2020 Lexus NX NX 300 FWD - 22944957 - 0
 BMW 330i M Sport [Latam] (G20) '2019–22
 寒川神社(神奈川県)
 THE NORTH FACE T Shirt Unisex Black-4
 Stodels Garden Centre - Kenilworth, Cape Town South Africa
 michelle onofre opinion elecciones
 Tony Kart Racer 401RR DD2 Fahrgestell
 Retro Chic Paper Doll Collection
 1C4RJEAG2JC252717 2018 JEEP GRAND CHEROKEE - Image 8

________________________

### Required action
Restate the entries above word for word, beginning with their first line and ending with the line holding "Tony Kart Racer 401RR DD2 Fahrgestell"; omit everything else.

### Exercise result
2020 Lexus NX NX 300 FWD - 22944957 - 0
 BMW 330i M Sport [Latam] (G20) '2019–22
 寒川神社(神奈川県)
 THE NORTH FACE T Shirt Unisex Black-4
 Stodels Garden Centre - Kenilworth, Cape Town South Africa
 michelle onofre opinion elecciones
 Tony Kart Racer 401RR DD2 Fahrgestell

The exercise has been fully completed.